Closed anton-johansson closed 5 years ago
Testing right now, noticed an issue. With serial: 1
, facts aren't gathered for all hosts, which is necessary for etcd
(and maybe more). Looking into it.
Edit: Solved by forcing facts gathering before running etcd
tasks, as per 75785dedc6f7386744e80455c5256b9fc160c577.
I've tested running the playbook on an existing cluster without upgrading, and it looks like it does what it's supposed to. One task on one hosts at a time.
I'll probably test this again when 1.15.0
is released (or if I'm bold enough to try a release candidate).
Would be nice to get the containerd
up and running. Any ideas for how we can do that, @amimof? Is #47 an alternative?
@anton-johansson I'm not sure if this is the right approach. To run all tasks in serial. The serial property is not supported in Ansible on a per-task basis, which means that all tasks under a play would run in serial. In large clusters that would increase the execution time significantly.
I don't believe that it's necessary to install masters with a rolling strategy. Maybe that even applies to the kubelet and kube-proxy as well, and only containerd should be restarted one host at a time. It all depends on the type of downtime. Is it workload or APIs?
What is your experience of upgrading a production cluster with KTRW?
Hmm, okay.
I did lose connectivity to my services during a period when I upgraded from 1.13 to 1.14. I'm not sure what caused it, but my guess was kube-proxy
, but it could of course be containerd
. I don't see how though, because containers don't die just because containerd
dies, right? kube-proxy
however, handles the network proxying to the correct container, which feels super-dangerous if they all are restarted at the same time?
I understand that masters don't need to be in serial, but I would still feel more safe if I could reach my API server during the upgrade, which I can't if I restart them all at the same time.
which means that all tasks under a play would run in serial
This is pretty much what I wanted to accomplish. :) Do you know if this setting is controlled with a variable somehow?
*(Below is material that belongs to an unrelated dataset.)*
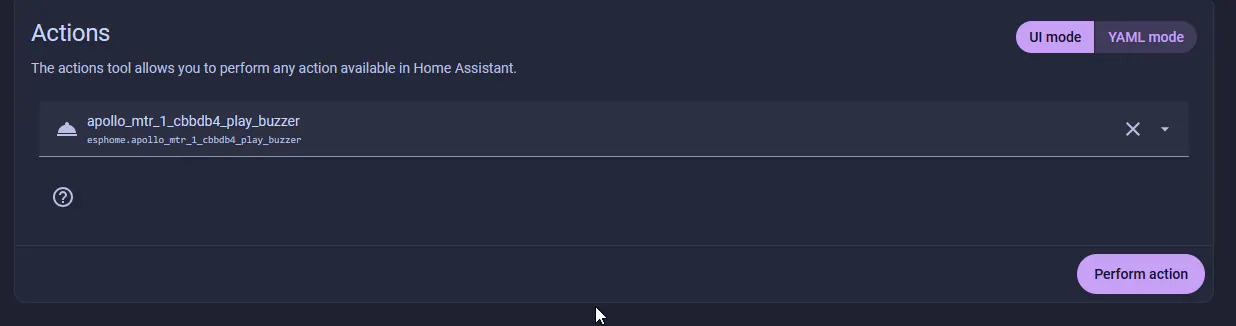 Home Assistant Developer Tools action form before ESPHome metadata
I guess it would be nice if it would default to 100%, but you could set it using some parameter. I'd set it to 1
(or maybe 50%
, which would effectively be 1/3 or 2/5, etc) in my case.
Or maybe a constant 50%
would suffice? It would of course increase the execution time for large clusters, but it wouldn't be that bad with 50%
?
@anton-johansson Yes kube-proxy
downtime will cause network connectivity to containers to be interrupted. And i'm pretty sure that containers are restarted when containerd
is restarted. Here is an example of how we could restart a service per host without use of serial
. But I still haven't figured out how to check if the service is up in order to move on to the next host.
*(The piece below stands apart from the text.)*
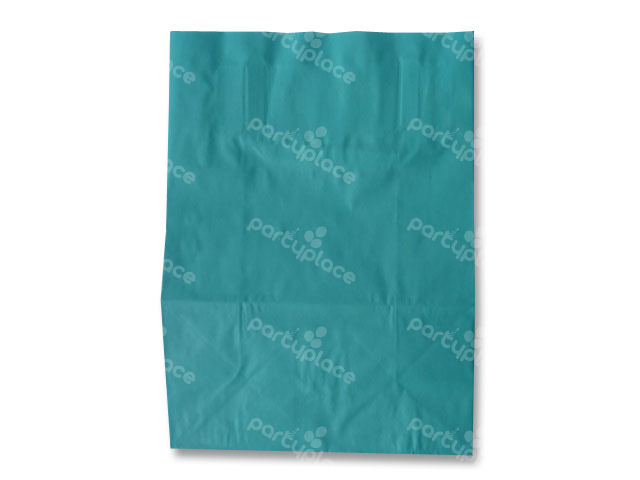 Aqua Blue - Large with Handle Party / Loot Bag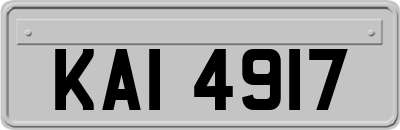 KAI4917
- name: Start and enable kubelet
systemd:
name: kubelet
state: restarted
enabled: True
with_items: "{{ groups['nodes'] }}"
run_once: True
delegate_to: "{{ item }}"
Another solution would be to restart everything at the very end, putting a section in install.yml
. Something like below. However this would make the individual roles a bit less independent in my opinion. So my idea is to pass in a state
variable to the roles that can controll if the component should be restarted after it is installed. The default would be true
since we want the roles to be self-contained. So the resulting install.yml
could look something like this:
- hosts: localhost
connection: local
roles:
- certificates
- hosts: etcd
roles:
- { role: etcd, vars: { restart: false }}
- hosts: masters
roles:
- { role: kube-apiserver, vars: { restart: false }}
- { role: kube-controller-manager, vars: { restart: false }}
- { role: kube-scheduler, vars: { restart: false }}
- hosts: nodes
roles:
- cni
- { role: containerd, vars: { restart: false }}
- runc
- { role: kube-proxy, vars: { restart: false }}
- { role: kubelet, vars: { restart: false }}
# Restart components in serial
- hosts: nodes
serial: 1
roles:
- { role: containerd, vars: { restart: true }}
- { role: kube-proxy, vars: { restart: true }}
- { role: kubelet, vars: { restart: true }}
- hosts: etcd
serial: 1
roles:
- { role: etcd, vars: { restart: true }}
- hosts: masters
serial: 1
roles:
- { role: containerd, vars: { restart: true }}
- { role: kube-proxy, vars: { restart: true }}
- { role: kubelet, vars: { restart: true }}
I like the last suggestion, where we only restart the services in serial.
But wouldn't we need two variables? One that indicates that we should prepare everything (download binaries, update configuration files, etc) and one that indicates that the service should be restarted. Both could default to true
so the role is independant and can be executed standalone. But in the install
playbook, first part (without serial) would only prepare, while the last part (in serial) would only restart (and wait for service to come back up)?
EDIT: Good to know that stopping containerd
stops containers, I wasn't aware of that.
Yeah you are right, we need two variables. state: present|absent
and restart: true|false
I can see if I can get something like that up and running.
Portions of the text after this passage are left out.